>The point of these problems is to test your cleverness.
In my experience, interviewers love going to the Leetcode "Top Interview 150" list and using problems in the "Array String" category. I'm not a fan of these problems for the kind of jobs I've interviewed for (backend Python mostly), as they are almost always a "give me a O(n) runtime O(1) memory algorithm over this array" type challenge that really doesn't resemble my day to day work at all. I do not regularly do in-place array algorithms in Python because those problems are almost always handled by other languages (C, Rust, etc.) where performance is critical.
I wish interviewers would go to the "Hashmap" section for interviews in Python, JavaScript, etc., type of languages. They are much less about cleverness and more about whether you can demonstrate using the appropriate tools in your language to solve problems that actually do resemble ones I encounter regularly.
There's also the problem of difficulty tuning on some of these. Problem 169 (Majority Element) being rated "Easy" for getting a O(n) runtime O(1) memory solution is hilarious to me. The algorithm first described in 1981 that does it (Boyer–Moore majority vote algorithm) has a Wikipedia page. It's not a difficult to implement or understand algorithm, but its correctness is not obvious until you think about it a bit, at which point you're at sufficient "cleverness" to get a Wikipedia page about an algorithm named after you. Seems excessive for an "Easy" problem.
Majority Element is rated easy because it can be trivially solved with a hashmap in O(N) space and that's enough to pass the question on Leetcode. The O(1) space answer is probably more like a medium.

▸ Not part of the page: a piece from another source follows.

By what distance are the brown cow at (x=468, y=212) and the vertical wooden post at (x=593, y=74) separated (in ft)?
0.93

Honestly in day to day programming I find data types & associated APIs are so so much more important than algorithms.
I would rather work with a flexible data type with suboptimal performance than a brittle data type that maybe squeezes out some extra performance.
Your example of in-place array mutation feels like a good example of such a thing. I feel like there should be a category of interviewing questions for "code-safety" not just performance.
Interviews should not be about cleverness. They should test that you can code. I almost never write an algorithm because all the important algorithms are in my standard library already. Sure back in school I did implement a red-black tree - I don't remember if it worked, but I implemented it: I can do that again if you need me to, but it will take me several days to get all the details right (most of it looking up how it works again). I use red-black trees all the time, but they are in the language.
You need to make sure a candidate can program so asking programing question make sense. However the candidate should not be judged on if they finish or get an optimal or even correct answer. You need to know if they write good code that you can understand, and are on a path that if given a reasonable amount of time on a realistic story would finish it and get it correct. If someone has seen the problem before they may get the correct answer, but if they have not seen it they won't know and shouldn't expected to get the right answer in an hour.